## Your objective:
Whatever lies between the line that holds "2018 Buick Enclave Avenir" and the final line of the records below, both included, should be repeated exactly; leave out the pictures and add nothing.

Crawled caption data
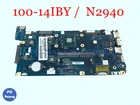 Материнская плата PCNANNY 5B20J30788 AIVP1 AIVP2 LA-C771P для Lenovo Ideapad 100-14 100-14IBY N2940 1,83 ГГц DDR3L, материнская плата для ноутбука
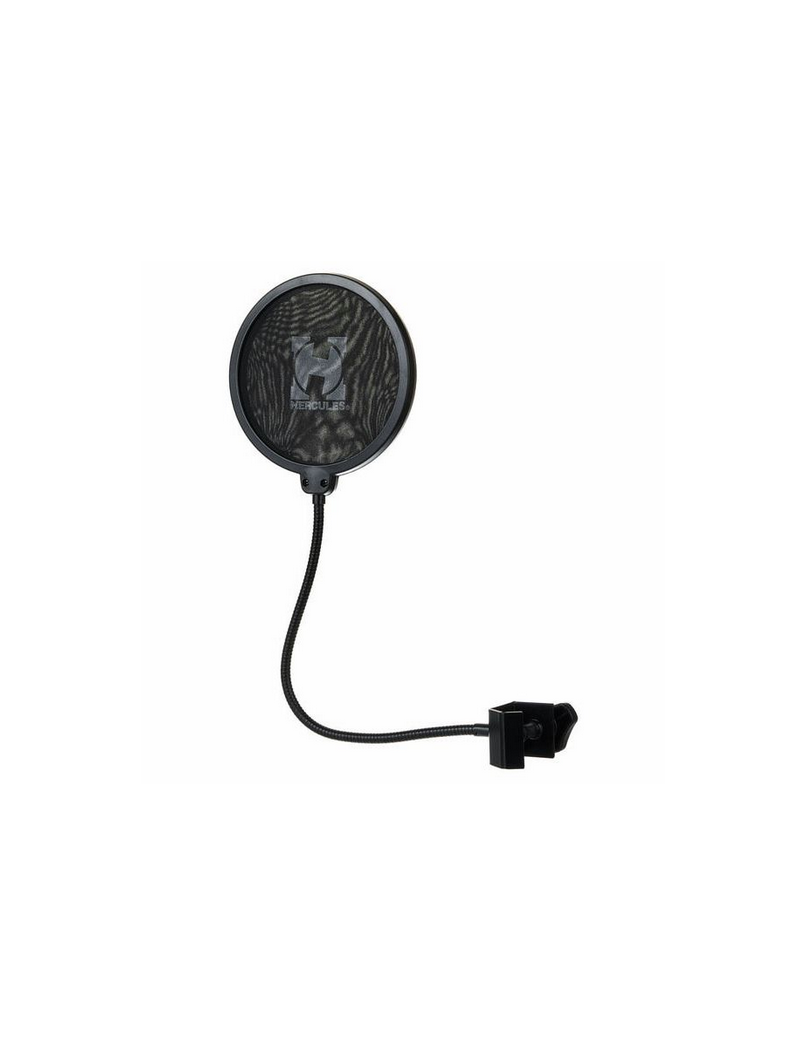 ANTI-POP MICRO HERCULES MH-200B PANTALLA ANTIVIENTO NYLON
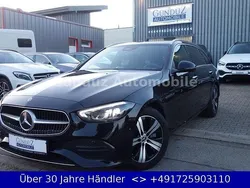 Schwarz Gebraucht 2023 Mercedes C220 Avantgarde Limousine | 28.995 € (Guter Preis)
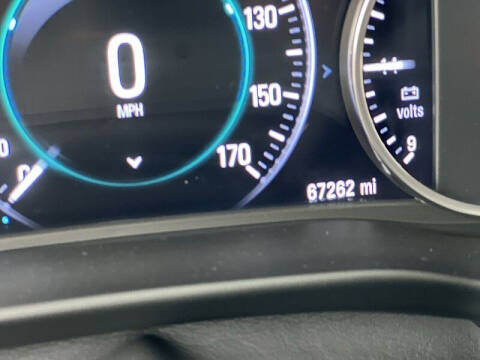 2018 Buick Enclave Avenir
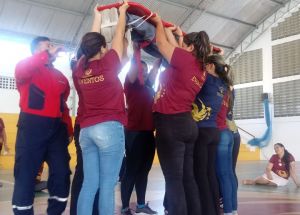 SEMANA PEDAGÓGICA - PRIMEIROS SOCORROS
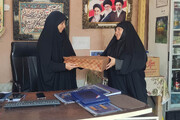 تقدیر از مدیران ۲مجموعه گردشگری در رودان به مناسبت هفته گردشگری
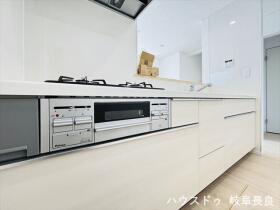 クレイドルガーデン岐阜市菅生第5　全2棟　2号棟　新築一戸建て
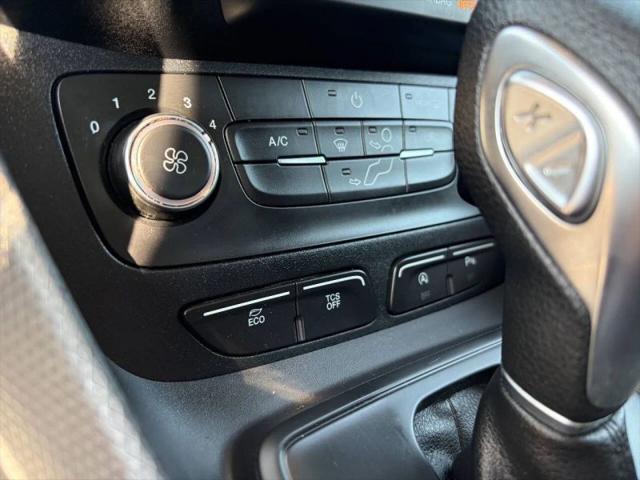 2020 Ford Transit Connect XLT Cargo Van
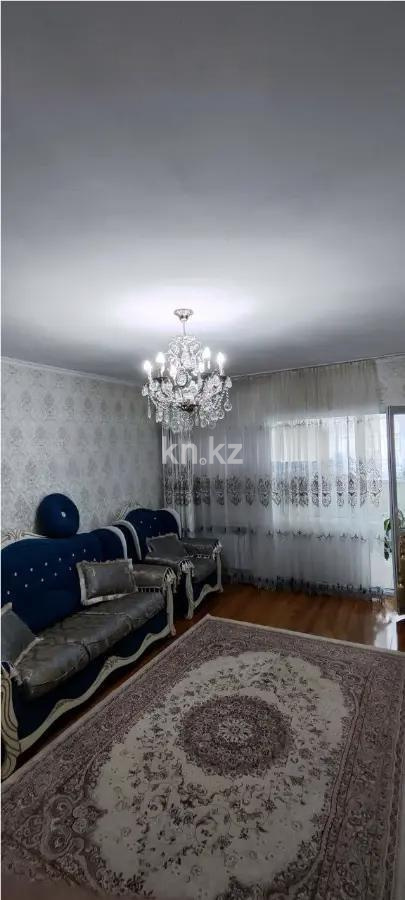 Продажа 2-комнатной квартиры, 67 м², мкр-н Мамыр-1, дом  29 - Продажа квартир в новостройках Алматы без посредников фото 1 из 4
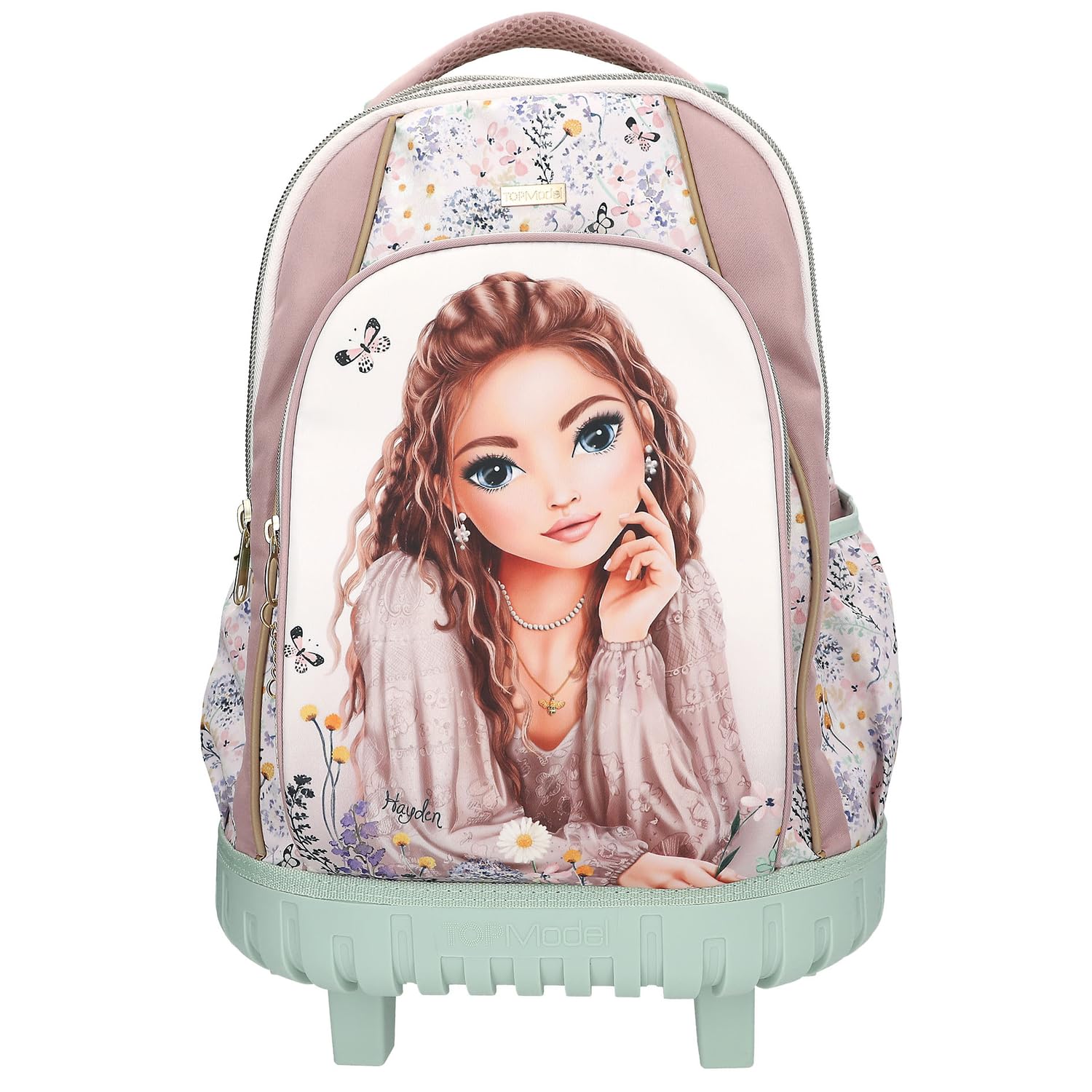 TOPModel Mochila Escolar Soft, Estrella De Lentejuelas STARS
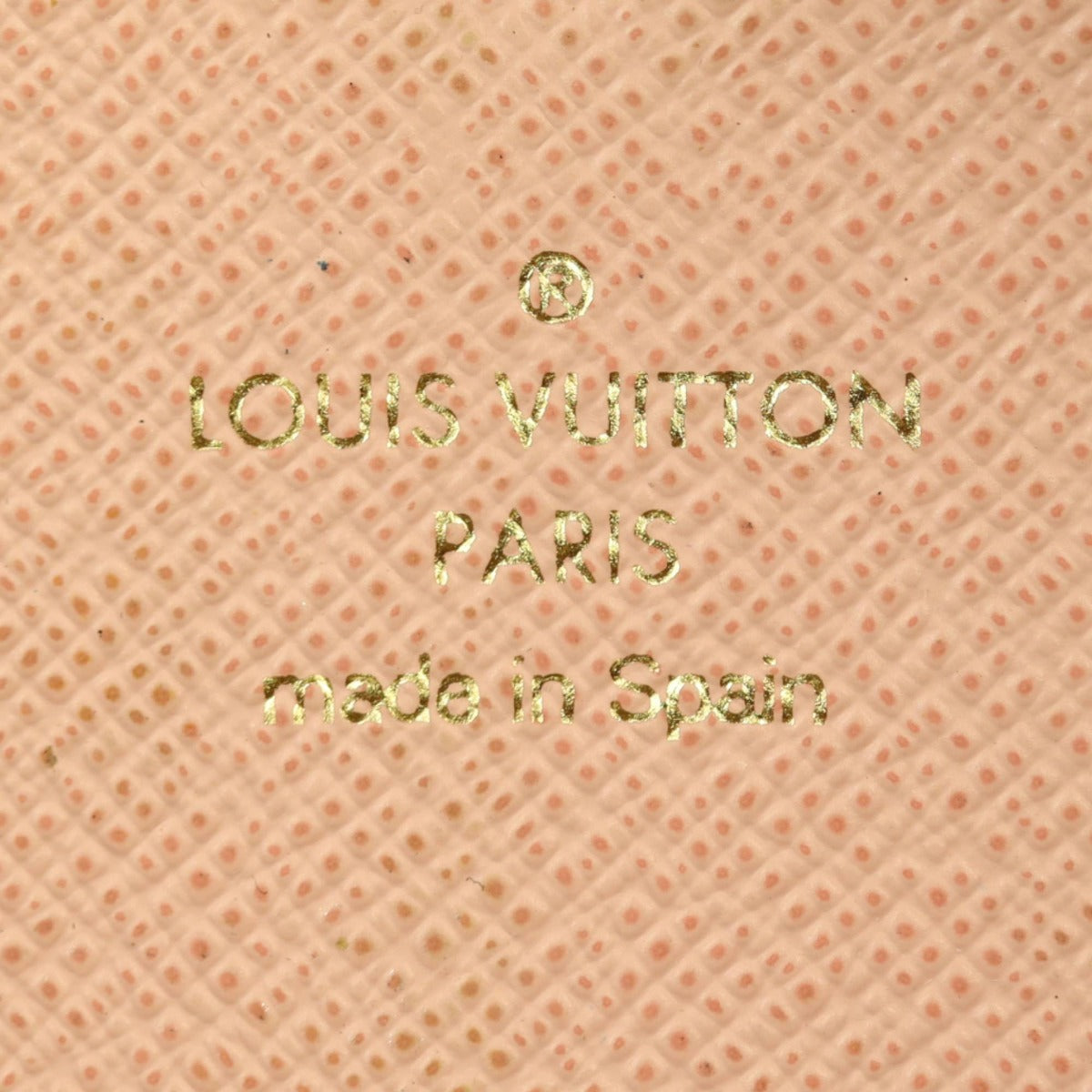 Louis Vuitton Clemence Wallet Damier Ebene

## Answer for this exercise:
 2018 Buick Enclave Avenir
 SEMANA PEDAGÓGICA - PRIMEIROS SOCORROS
 تقدیر از مدیران ۲مجموعه گردشگری در رودان به مناسبت هفته گردشگری
 クレイドルガーデン岐阜市菅生第5　全2棟　2号棟　新築一戸建て
 2020 Ford Transit Connect XLT Cargo Van
 Продажа 2-комнатной квартиры, 67 м², мкр-н Мамыр-1, дом  29 - Продажа квартир в новостройках Алматы без посредников фото 1 из 4
 TOPModel Mochila Escolar Soft, Estrella De Lentejuelas STARS
 Louis Vuitton Clemence Wallet Damier Ebene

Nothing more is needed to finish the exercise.